I think I got the pics somewhere of a simple "how to" for a 3 color string for those genuinely interested. I'll see if I can dig them up and post them. Nothing fancy, just the way I do it.

Here is a 3 color made with 4 bundles. I'm NOT a Clemson fan, customer was.


----------



## petrey10 (Oct 24, 2008)

how many strands of each did you use??


----------



## SandSquid (Sep 2, 2008)

Jacob,

It's literally just like for a 2 color... Just divide the total number of strands in the bundle by 3 and that's how to lay it up. If I come up w/ an "odd" number I do one extra of the brightest color or one less of the darkest color.

Get some cheap dacron and practice.

Red, White & Blue is my favorite.


----------



## RGR175 (Feb 14, 2010)

What kind of string jig are you guys using??


----------



## SandSquid (Sep 2, 2008)

I have a simple outlook that has served me well: 
"Buy the best and only cry once." 

Therefore I have a LittleJon system and a JoeBass 4-Post rig.
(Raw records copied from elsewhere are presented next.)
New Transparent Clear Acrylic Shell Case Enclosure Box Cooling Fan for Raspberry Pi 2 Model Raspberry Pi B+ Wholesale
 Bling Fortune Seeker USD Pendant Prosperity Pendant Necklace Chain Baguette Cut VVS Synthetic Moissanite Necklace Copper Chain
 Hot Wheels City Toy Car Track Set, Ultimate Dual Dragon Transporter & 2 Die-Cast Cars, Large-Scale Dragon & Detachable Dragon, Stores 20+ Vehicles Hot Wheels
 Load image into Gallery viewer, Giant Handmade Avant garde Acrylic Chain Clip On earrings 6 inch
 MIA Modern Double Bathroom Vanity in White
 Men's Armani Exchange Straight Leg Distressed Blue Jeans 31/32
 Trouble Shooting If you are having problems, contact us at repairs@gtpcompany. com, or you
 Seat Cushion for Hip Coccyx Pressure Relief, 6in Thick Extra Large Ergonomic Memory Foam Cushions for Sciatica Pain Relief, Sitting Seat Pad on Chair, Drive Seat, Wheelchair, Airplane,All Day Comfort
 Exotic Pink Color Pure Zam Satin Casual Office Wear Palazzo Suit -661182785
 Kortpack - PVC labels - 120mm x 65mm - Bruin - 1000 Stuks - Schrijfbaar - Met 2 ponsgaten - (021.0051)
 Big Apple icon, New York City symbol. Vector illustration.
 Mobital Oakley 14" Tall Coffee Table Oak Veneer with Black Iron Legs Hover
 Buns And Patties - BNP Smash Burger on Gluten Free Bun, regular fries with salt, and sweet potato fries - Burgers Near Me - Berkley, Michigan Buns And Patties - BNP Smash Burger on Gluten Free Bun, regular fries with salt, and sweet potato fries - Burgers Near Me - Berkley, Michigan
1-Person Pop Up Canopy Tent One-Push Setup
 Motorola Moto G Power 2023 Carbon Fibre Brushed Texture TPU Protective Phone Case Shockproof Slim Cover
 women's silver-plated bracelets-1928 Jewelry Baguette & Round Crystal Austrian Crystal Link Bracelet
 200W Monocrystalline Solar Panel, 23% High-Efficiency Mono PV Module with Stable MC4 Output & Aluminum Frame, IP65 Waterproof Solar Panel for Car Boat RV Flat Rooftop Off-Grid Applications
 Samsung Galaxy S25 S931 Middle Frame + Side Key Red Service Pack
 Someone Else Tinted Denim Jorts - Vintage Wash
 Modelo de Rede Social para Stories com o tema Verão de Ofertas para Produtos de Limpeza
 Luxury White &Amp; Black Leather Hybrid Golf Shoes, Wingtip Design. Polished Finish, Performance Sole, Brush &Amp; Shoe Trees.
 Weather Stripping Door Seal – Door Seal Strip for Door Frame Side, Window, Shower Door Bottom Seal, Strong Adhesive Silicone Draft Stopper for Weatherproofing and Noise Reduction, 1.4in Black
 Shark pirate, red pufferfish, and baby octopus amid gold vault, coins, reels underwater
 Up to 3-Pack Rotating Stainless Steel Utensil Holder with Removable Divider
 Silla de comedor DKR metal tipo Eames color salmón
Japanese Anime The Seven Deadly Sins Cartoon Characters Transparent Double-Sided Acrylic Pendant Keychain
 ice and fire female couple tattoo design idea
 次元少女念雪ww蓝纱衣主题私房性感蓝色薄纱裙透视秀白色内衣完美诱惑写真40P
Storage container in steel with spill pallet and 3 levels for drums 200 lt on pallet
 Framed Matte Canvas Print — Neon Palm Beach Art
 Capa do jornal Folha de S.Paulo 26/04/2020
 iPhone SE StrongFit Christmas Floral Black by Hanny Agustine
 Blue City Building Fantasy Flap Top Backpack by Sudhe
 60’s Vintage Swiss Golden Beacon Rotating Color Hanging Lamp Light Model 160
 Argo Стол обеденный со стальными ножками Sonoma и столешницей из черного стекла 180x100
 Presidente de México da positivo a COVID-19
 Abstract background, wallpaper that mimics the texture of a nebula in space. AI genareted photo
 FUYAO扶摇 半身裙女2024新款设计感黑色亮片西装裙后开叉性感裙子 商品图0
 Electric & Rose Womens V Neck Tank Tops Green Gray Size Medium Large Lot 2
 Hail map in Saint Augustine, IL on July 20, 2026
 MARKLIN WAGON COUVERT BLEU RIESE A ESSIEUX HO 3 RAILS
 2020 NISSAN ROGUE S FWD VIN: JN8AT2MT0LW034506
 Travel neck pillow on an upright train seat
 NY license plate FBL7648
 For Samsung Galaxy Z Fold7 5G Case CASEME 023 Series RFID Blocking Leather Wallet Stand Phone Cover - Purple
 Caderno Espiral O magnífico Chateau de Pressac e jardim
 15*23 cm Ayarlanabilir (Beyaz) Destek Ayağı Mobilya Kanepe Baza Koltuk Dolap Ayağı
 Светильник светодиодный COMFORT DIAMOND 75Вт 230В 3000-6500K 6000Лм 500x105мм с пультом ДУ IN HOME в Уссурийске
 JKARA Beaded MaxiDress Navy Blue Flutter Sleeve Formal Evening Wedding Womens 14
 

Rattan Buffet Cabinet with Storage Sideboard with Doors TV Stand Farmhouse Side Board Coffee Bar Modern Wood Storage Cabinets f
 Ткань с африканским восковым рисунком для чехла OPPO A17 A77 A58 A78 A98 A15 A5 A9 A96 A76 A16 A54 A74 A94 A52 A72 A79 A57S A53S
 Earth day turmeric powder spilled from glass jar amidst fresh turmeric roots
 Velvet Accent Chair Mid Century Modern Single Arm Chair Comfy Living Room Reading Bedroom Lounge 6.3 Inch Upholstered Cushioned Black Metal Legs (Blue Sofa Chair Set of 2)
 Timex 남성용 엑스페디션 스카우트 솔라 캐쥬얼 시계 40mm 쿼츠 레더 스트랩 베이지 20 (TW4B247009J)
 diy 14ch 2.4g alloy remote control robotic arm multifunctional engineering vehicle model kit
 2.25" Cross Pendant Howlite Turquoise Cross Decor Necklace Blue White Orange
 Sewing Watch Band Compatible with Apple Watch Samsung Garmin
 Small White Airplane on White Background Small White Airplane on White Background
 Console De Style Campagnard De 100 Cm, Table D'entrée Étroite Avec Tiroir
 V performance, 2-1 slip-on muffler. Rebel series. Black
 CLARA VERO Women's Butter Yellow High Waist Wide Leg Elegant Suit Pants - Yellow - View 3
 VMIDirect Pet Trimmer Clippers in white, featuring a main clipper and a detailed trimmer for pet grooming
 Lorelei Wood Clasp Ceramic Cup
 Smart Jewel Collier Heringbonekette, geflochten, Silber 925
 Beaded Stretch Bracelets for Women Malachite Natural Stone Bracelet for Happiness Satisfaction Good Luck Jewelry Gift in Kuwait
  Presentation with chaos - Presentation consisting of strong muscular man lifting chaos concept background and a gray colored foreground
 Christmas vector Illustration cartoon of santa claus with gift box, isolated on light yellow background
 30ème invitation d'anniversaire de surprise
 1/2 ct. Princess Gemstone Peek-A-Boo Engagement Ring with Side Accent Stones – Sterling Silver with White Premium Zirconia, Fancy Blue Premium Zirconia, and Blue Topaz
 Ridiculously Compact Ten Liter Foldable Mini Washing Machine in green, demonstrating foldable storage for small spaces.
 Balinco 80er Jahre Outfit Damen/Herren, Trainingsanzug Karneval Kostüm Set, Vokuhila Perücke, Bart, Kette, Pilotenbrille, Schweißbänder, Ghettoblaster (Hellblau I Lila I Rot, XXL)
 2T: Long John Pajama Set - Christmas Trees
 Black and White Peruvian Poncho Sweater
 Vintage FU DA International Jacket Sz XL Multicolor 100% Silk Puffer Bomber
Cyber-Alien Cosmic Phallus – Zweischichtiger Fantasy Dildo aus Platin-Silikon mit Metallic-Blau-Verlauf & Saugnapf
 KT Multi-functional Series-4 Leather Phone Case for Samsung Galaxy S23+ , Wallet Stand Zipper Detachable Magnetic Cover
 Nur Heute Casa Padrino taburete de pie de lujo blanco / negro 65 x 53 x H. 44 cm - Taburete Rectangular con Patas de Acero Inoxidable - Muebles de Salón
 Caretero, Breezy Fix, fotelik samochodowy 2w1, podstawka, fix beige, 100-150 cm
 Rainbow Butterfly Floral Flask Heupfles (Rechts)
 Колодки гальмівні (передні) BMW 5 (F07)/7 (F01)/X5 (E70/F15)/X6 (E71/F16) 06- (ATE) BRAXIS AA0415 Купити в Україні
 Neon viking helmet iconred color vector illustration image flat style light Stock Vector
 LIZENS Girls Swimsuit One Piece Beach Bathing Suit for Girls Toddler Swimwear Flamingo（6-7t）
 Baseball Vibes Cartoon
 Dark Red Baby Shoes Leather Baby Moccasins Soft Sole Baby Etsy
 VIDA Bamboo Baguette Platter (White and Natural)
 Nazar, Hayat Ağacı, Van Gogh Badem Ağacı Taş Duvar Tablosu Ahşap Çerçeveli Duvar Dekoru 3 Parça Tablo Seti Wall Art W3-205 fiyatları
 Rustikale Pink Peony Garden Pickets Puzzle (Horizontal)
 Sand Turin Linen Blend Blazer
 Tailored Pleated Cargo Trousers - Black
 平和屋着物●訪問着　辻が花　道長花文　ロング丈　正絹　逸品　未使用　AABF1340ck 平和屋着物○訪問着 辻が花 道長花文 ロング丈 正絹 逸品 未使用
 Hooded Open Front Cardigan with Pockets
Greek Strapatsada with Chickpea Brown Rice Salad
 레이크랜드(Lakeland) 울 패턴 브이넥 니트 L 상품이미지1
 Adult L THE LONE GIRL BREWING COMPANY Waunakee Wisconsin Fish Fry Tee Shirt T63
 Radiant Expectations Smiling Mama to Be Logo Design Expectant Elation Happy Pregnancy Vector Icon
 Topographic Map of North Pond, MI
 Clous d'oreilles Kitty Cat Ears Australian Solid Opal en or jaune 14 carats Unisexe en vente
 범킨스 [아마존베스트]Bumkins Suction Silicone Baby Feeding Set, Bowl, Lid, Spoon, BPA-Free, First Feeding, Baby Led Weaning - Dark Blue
My wife once said "you just have to have the best of everything, don't you!?!?!? 
to which I replied: "I married you didn't I?
.
.


----------



## Bow pro (Mar 4, 2009)

I am going to remember both of thoes saying's SandSquid....That is awsome!


----------



## SandSquid (Sep 2, 2008)

Bow pro said:


> I am going to remember both of thoes saying's SandSquid....That is awsome!



on the subject of :


> "You just have to have the best of everything, don't you!?!?!?
> "I married you didn't I?


If you use it a second or third or even more times, and she repies: "That's getting really old...." 
You seriously do NOT want to reply "Yeah, but so are you." :ballchain :whip:


----------



## Trailerdog (Jul 24, 2008)

SandSquid said:


> Red, White & Blue is my favorite.


This was my first attempt at 3 colors. Matches my Protec.


----------



## petrey10 (Oct 24, 2008)

that looks awesome!


----------



## bbjavelina (Jan 30, 2005)

*Llike NP Archery*

My preference is for two bundles of the primary colors and one strand of a contrasting color.

Three equal (or nearly so) bundles tend to get "confused", whereas, at least to my old eyes, that one strand seems to really stick out.


----------



## 60X (Nov 8, 2002)

What about twisting 3 colors? No spreaders I'm guessing


----------



## Trailerdog (Jul 24, 2008)

*Seperating 3 colors*



60X said:


> What about twisting 3 colors? No spreaders I'm guessing


I use 50# Spider Wire Invisibraid for my end loops. So I also use this to seperate colors if I have to. I've used a strand of string material in the past, but the Spiderwire is slicker and stronger. I could only put in 5 or so twist at time though. The yoke was a chore to work out.


----------



## SandSquid (Sep 2, 2008)

60X said:


> What about twisting 3 colors? No spreaders I'm guessing


I call it a "confetti string" pretty cool effect actually


----------



## special (Apr 6, 2009)

For the guys using the tag end method to serve their loops...Whats the best way to finish off on a 3 color string...As you end up with 4 tags at one loop, which method are you using ?


----------



## yakstone (Jun 30, 2008)

You don't necessarily end up with 4 at one loop, you can also do 3 at each loop without any trouble.


----------



## after elk (Jan 25, 2008)

Here's a couple 3 color picts. One is for an Equalizer and the other is on a Protec.


----------



## NP Archery (Jul 29, 2008)

The pic above is a 24 strand (452x) string of 3 colors. 10 white, 10 orange and 4 purple. I divided the purple up into 2 bundles of 2 strands each to split the white and orange. Obviously, a even division of the strands would be a little more simple.(Like 8+8+8 =24 strands) The lay-up is really no different from any other string. Keeping the bundles together and separated from each other through end tie-off and twisting is the worst of it. As each of these combinations of strands and colors are different from string to string, my biggest issue was learning how to keep each color isolated until the string was twisted. Truth is I'm still learning that and it is not unusual for one (string) to find it's way into the trash from time to time. Once you get the string twisted and each color is in it's own bundle, you have it whipped. 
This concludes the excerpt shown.